2) If the task yields voluntarily (e.g., I/O) then we keep it at this level, else if that task uses up the whole timeslice we push it to the next queue, which has a longer timeslice.
3) If a task in the second or third queue yields voluntarily then it gets a priority boost

MLFQ != Priority Queues

  • different treatment of threads at each level
  • incorporates feedback
26
Q

How does the Linux O(1) Scheduler Work?

Pros/Cons?

A

O(1) == constant time to select/add task, regardless of task count

premtive, priority-based

TODO

Pros:

  • TODO

Cons:

  • performance of interactive tasks (b/c tasks don’t get a chance to run again until all tasks on the active queue have run there’s often a “jitter”)
  • no fairness guarantees
27
Q

How does the Linux Completely Fair Scheduler (CFS) work?

Pros/Cons?

A

TODO

28
Q

What is cache affinity and why is it important to CPU scheduling?

A

We want the OS scheduler to keep a task on the same CPU as much as possible so that the cache is more likely to be hot, which gives us a performance boost.

29
Q

What is a per-CPU runqueue & scheduler and why might it improve performance?

A

Load balance across CPUs based on queue lenght or CPU idle time.
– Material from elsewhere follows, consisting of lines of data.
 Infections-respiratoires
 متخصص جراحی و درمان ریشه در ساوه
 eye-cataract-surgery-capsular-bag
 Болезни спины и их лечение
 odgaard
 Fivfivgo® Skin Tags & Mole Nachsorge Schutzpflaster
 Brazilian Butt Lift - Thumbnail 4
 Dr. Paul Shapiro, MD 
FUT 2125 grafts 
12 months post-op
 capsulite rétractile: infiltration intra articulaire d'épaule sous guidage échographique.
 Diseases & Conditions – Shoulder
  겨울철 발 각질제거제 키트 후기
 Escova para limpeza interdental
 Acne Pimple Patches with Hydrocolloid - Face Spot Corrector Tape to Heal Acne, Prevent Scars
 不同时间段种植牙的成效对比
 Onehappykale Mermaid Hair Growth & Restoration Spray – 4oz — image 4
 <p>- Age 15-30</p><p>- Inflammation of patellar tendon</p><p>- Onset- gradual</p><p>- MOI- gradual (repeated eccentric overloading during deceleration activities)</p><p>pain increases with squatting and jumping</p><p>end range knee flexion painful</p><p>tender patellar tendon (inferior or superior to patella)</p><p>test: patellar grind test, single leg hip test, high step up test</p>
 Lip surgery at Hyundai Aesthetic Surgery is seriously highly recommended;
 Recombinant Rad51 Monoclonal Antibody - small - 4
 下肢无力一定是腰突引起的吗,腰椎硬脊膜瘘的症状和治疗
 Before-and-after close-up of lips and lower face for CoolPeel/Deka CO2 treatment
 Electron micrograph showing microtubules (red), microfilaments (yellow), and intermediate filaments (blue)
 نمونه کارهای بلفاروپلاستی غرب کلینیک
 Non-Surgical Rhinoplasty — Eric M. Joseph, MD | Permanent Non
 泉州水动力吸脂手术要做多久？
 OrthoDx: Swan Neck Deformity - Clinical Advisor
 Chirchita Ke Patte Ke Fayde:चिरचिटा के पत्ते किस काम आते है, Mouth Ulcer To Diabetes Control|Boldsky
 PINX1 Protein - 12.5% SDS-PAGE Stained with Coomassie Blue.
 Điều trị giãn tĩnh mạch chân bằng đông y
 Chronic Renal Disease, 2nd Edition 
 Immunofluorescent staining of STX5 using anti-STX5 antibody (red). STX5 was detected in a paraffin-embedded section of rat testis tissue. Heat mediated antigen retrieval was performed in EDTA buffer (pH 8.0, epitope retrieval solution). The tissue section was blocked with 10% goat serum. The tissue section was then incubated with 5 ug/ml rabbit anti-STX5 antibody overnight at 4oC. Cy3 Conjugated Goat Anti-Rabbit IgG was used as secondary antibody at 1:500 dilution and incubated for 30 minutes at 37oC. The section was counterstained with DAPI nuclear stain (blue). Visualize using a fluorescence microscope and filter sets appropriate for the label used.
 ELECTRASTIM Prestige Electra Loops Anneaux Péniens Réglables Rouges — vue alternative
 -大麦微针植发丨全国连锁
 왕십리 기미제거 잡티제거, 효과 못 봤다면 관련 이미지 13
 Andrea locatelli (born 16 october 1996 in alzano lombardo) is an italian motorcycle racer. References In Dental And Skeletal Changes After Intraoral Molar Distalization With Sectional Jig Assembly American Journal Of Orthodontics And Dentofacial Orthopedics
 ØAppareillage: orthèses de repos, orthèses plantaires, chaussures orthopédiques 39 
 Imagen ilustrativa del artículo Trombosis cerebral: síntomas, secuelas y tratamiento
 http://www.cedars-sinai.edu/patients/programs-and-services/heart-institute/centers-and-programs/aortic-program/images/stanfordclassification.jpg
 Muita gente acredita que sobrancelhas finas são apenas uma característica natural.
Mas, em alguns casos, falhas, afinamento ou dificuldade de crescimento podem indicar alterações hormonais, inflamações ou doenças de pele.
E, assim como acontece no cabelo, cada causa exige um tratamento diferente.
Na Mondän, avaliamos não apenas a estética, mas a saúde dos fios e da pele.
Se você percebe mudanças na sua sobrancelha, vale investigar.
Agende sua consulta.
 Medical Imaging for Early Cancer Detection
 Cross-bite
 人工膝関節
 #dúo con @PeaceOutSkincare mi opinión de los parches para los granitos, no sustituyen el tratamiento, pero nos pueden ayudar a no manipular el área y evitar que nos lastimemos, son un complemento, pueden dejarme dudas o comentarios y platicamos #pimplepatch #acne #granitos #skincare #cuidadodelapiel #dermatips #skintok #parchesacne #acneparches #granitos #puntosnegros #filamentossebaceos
Can improve cache affinity (liklihood that cache will be hot b/c we’re running the same task there multiple times instead of on a different cpu each time)

30
Q

What is NUMA and NUMA-aware scheduling?

A

Non-Uniform Memory Access

  • multiple memory nodes
  • memory node closer to a “socket” of multiple processors
  • access to local memory node faster than access to remote memory node

NUMA-aware scheduling

  • keep tasks on the CPU closer to memory node where their state is
31
Q

What is hyperthreading?

A
  • multiple hardware-supported execution contexts
  • still 1 CPU but context switching is very fast (b/c we just switch the register we use, no need to reload data)
32
Q

What are the pros/cons of co-scheduling compute and memory bound threads?

A

Pros:

  • avoid/limit contention on processor pipeline
  • all components (CPU and memory) well utilized

Cons:

  • still leads to interference and degredation, but minimal
33
Q

How can we determine if a thread is CPU-bound or memory-bound?

A

Use historic information

“Sleep time” won’t work b/c the thread is not sleeping when waiting on a memory reference. Software takes too much time to compute so we need some hardware-level information

Instead, hardware counters can help the scheduler estimate the kind of resources a thread needs.